Record extracts ->
____________

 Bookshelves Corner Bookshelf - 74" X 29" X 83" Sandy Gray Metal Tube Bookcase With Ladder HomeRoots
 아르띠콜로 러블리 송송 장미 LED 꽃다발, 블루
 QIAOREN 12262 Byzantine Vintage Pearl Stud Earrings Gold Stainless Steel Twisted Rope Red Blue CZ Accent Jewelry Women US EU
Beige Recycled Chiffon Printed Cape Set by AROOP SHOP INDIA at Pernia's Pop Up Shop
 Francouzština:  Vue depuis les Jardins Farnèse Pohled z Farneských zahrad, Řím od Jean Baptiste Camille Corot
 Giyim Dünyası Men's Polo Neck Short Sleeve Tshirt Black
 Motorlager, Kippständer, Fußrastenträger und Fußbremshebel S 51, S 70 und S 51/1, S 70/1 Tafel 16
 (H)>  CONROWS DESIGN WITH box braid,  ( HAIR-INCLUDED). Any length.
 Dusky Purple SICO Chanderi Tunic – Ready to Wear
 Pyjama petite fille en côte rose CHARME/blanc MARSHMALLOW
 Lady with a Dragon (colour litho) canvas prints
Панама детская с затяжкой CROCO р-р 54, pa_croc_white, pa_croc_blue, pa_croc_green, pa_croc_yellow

____________

Task requirements ->
The answer must be every entry, reproduced exactly.

Your solution ->
 Bookshelves Corner Bookshelf - 74" X 29" X 83" Sandy Gray Metal Tube Bookcase With Ladder HomeRoots
 아르띠콜로 러블리 송송 장미 LED 꽃다발, 블루
 QIAOREN 12262 Byzantine Vintage Pearl Stud Earrings Gold Stainless Steel Twisted Rope Red Blue CZ Accent Jewelry Women US EU
Beige Recycled Chiffon Printed Cape Set by AROOP SHOP INDIA at Pernia's Pop Up Shop
 Francouzština:  Vue depuis les Jardins Farnèse Pohled z Farneských zahrad, Řím od Jean Baptiste Camille Corot
 Giyim Dünyası Men's Polo Neck Short Sleeve Tshirt Black
 Motorlager, Kippständer, Fußrastenträger und Fußbremshebel S 51, S 70 und S 51/1, S 70/1 Tafel 16
 (H)>  CONROWS DESIGN WITH box braid,  ( HAIR-INCLUDED). Any length.
 Dusky Purple SICO Chanderi Tunic – Ready to Wear
 Pyjama petite fille en côte rose CHARME/blanc MARSHMALLOW
 Lady with a Dragon (colour litho) canvas prints
Панама детская с затяжкой CROCO р-р 54, pa_croc_white, pa_croc_blue, pa_croc_green, pa_croc_yellow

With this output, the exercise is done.